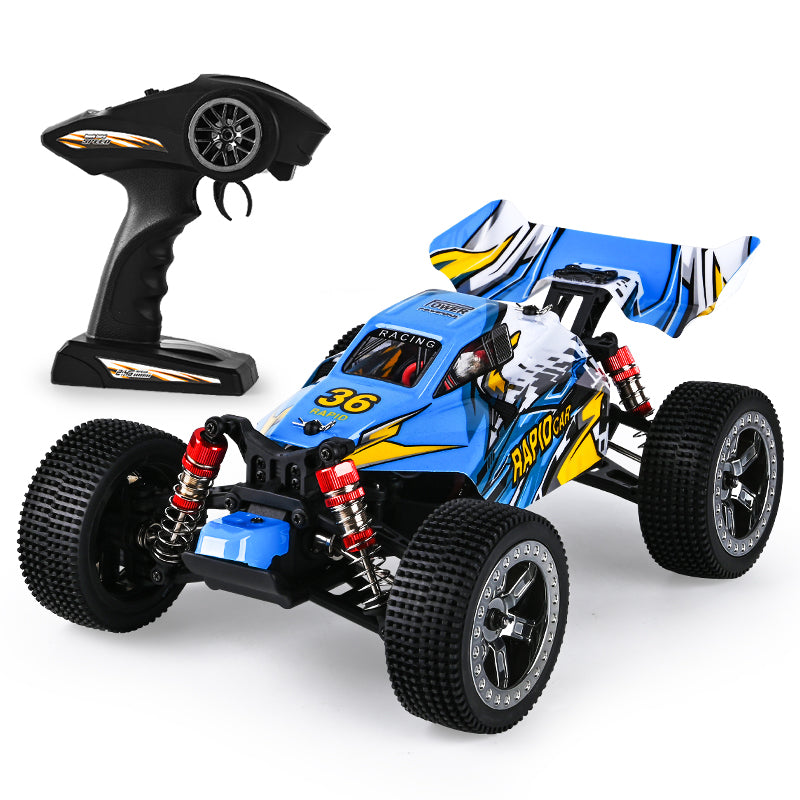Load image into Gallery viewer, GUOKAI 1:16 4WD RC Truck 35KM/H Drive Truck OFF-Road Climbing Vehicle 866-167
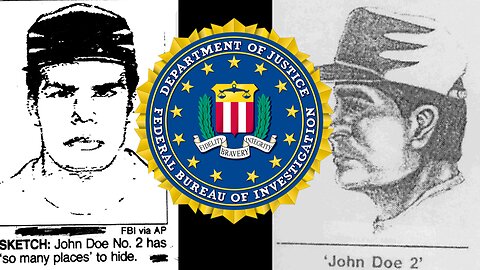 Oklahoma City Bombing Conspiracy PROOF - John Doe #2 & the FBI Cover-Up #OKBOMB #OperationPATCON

+++++

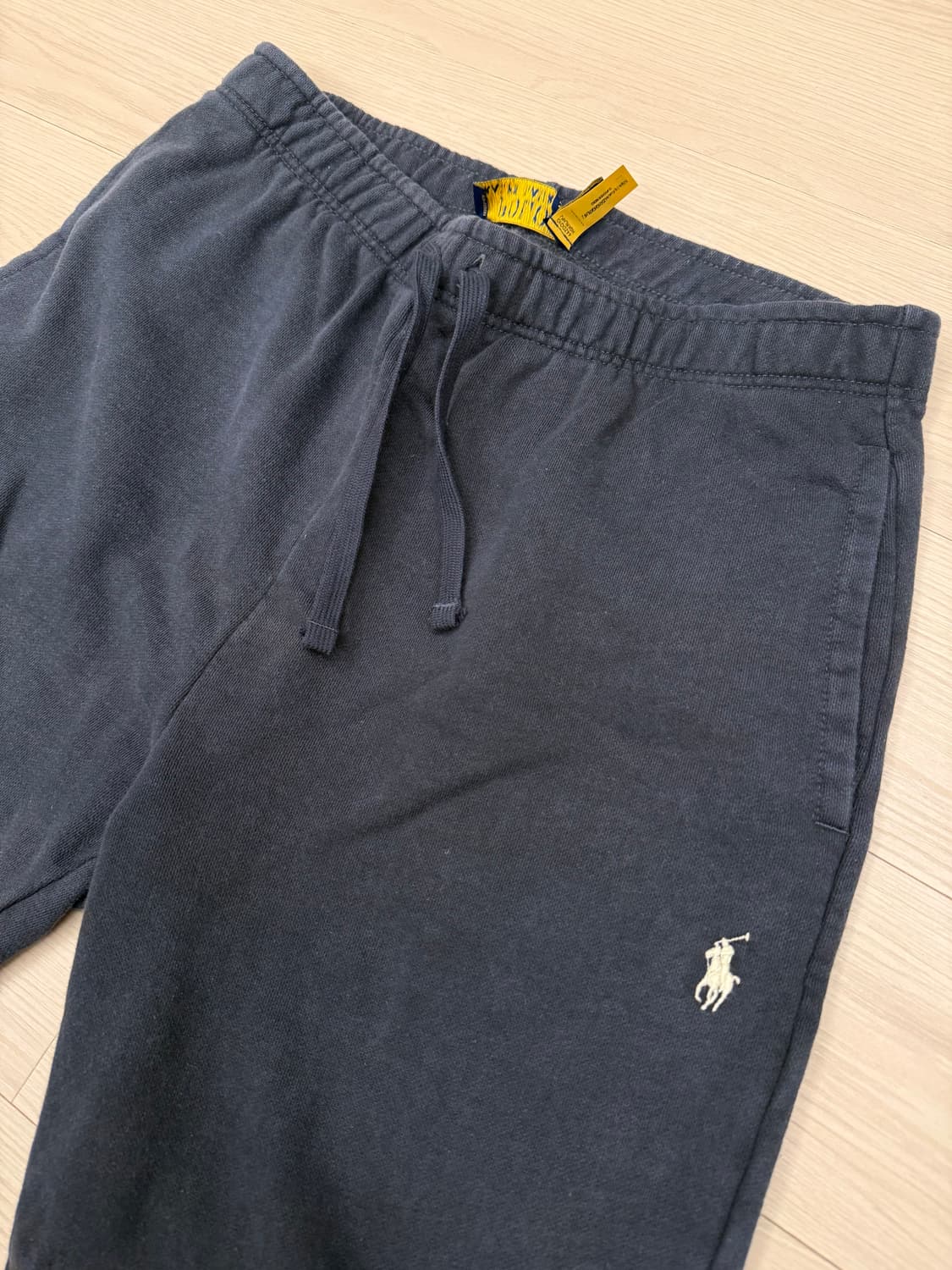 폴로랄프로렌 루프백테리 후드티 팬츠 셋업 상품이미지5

+++++

Reproduce the data above exactly, but only the lines from the one showing "Load image into" through the one showing "Oklahoma City Bombing", with both ends kept and the pictures left out.

__Reply to the exercise__.
Load image into Gallery viewer, GUOKAI 1:16 4WD RC Truck 35KM/H Drive Truck OFF-Road Climbing Vehicle 866-167
 Oklahoma City Bombing Conspiracy PROOF - John Doe #2 & the FBI Cover-Up #OKBOMB #OperationPATCON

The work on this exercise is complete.